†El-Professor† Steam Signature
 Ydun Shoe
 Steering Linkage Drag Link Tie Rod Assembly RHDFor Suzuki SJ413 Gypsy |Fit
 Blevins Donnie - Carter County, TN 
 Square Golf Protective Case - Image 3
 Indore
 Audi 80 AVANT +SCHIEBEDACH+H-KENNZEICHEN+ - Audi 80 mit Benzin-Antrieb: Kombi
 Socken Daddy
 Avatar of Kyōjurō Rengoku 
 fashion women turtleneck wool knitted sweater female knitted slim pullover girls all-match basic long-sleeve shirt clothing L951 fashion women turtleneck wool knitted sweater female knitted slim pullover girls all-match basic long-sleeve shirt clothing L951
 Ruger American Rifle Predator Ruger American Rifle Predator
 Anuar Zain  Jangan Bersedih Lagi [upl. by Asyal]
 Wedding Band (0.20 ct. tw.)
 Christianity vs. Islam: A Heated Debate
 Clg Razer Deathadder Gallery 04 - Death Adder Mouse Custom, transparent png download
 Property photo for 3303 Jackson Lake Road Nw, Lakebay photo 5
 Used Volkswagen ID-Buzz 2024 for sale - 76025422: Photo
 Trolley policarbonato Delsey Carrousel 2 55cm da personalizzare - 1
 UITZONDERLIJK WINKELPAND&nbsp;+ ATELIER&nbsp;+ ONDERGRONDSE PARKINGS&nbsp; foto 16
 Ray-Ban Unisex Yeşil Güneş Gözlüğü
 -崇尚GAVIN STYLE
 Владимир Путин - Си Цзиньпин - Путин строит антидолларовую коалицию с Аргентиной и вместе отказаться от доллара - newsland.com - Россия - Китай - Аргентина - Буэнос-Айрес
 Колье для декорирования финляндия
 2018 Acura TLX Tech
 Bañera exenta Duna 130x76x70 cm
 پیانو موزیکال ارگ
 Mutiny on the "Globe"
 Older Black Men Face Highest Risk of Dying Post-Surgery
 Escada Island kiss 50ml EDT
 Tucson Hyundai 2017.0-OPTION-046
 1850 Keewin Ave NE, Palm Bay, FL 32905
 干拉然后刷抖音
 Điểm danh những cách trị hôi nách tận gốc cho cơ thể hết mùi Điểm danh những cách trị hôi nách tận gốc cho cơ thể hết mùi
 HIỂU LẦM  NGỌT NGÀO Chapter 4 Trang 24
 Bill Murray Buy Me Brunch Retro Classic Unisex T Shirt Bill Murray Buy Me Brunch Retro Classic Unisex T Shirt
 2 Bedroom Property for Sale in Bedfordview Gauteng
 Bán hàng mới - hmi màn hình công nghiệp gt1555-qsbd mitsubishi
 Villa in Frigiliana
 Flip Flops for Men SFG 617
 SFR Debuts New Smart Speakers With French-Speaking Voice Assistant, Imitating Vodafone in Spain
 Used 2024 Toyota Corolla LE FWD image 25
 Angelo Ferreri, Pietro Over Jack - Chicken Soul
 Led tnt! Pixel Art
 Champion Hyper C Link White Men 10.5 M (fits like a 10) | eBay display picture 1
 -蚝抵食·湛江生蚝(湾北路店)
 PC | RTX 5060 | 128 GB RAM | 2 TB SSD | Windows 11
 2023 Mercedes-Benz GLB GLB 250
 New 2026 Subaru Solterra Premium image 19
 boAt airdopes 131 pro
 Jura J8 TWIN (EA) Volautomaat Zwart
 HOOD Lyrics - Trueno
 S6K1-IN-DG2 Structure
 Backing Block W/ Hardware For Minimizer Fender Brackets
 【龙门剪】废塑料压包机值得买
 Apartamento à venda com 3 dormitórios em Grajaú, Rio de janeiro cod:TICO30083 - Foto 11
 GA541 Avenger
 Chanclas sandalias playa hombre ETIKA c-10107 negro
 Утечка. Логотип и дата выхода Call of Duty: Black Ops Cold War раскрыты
****
**Your task**
Repeating the listing in full, word for word, is the required output.

**Exercise result**
†El-Professor† Steam Signature
 Ydun Shoe
 Steering Linkage Drag Link Tie Rod Assembly RHDFor Suzuki SJ413 Gypsy |Fit
 Blevins Donnie - Carter County, TN 
 Square Golf Protective Case - Image 3
 Indore
 Audi 80 AVANT +SCHIEBEDACH+H-KENNZEICHEN+ - Audi 80 mit Benzin-Antrieb: Kombi
 Socken Daddy
 Avatar of Kyōjurō Rengoku 
 fashion women turtleneck wool knitted sweater female knitted slim pullover girls all-match basic long-sleeve shirt clothing L951 fashion women turtleneck wool knitted sweater female knitted slim pullover girls all-match basic long-sleeve shirt clothing L951
 Ruger American Rifle Predator Ruger American Rifle Predator
 Anuar Zain  Jangan Bersedih Lagi [upl. by Asyal]
 Wedding Band (0.20 ct. tw.)
 Christianity vs. Islam: A Heated Debate
 Clg Razer Deathadder Gallery 04 - Death Adder Mouse Custom, transparent png download
 Property photo for 3303 Jackson Lake Road Nw, Lakebay photo 5
 Used Volkswagen ID-Buzz 2024 for sale - 76025422: Photo
 Trolley policarbonato Delsey Carrousel 2 55cm da personalizzare - 1
 UITZONDERLIJK WINKELPAND&nbsp;+ ATELIER&nbsp;+ ONDERGRONDSE PARKINGS&nbsp; foto 16
 Ray-Ban Unisex Yeşil Güneş Gözlüğü
 -崇尚GAVIN STYLE
 Владимир Путин - Си Цзиньпин - Путин строит антидолларовую коалицию с Аргентиной и вместе отказаться от доллара - newsland.com - Россия - Китай - Аргентина - Буэнос-Айрес
 Колье для декорирования финляндия
 2018 Acura TLX Tech
 Bañera exenta Duna 130x76x70 cm
 پیانو موزیکال ارگ
 Mutiny on the "Globe"
 Older Black Men Face Highest Risk of Dying Post-Surgery
 Escada Island kiss 50ml EDT
 Tucson Hyundai 2017.0-OPTION-046
 1850 Keewin Ave NE, Palm Bay, FL 32905
 干拉然后刷抖音
 Điểm danh những cách trị hôi nách tận gốc cho cơ thể hết mùi Điểm danh những cách trị hôi nách tận gốc cho cơ thể hết mùi
 HIỂU LẦM  NGỌT NGÀO Chapter 4 Trang 24
 Bill Murray Buy Me Brunch Retro Classic Unisex T Shirt Bill Murray Buy Me Brunch Retro Classic Unisex T Shirt
 2 Bedroom Property for Sale in Bedfordview Gauteng
 Bán hàng mới - hmi màn hình công nghiệp gt1555-qsbd mitsubishi
 Villa in Frigiliana
 Flip Flops for Men SFG 617
 SFR Debuts New Smart Speakers With French-Speaking Voice Assistant, Imitating Vodafone in Spain
 Used 2024 Toyota Corolla LE FWD image 25
 Angelo Ferreri, Pietro Over Jack - Chicken Soul
 Led tnt! Pixel Art
 Champion Hyper C Link White Men 10.5 M (fits like a 10) | eBay display picture 1
 -蚝抵食·湛江生蚝(湾北路店)
 PC | RTX 5060 | 128 GB RAM | 2 TB SSD | Windows 11
 2023 Mercedes-Benz GLB GLB 250
 New 2026 Subaru Solterra Premium image 19
 boAt airdopes 131 pro
 Jura J8 TWIN (EA) Volautomaat Zwart
 HOOD Lyrics - Trueno
 S6K1-IN-DG2 Structure
 Backing Block W/ Hardware For Minimizer Fender Brackets
 【龙门剪】废塑料压包机值得买
 Apartamento à venda com 3 dormitórios em Grajaú, Rio de janeiro cod:TICO30083 - Foto 11
 GA541 Avenger
 Chanclas sandalias playa hombre ETIKA c-10107 negro
 Утечка. Логотип и дата выхода Call of Duty: Black Ops Cold War раскрыты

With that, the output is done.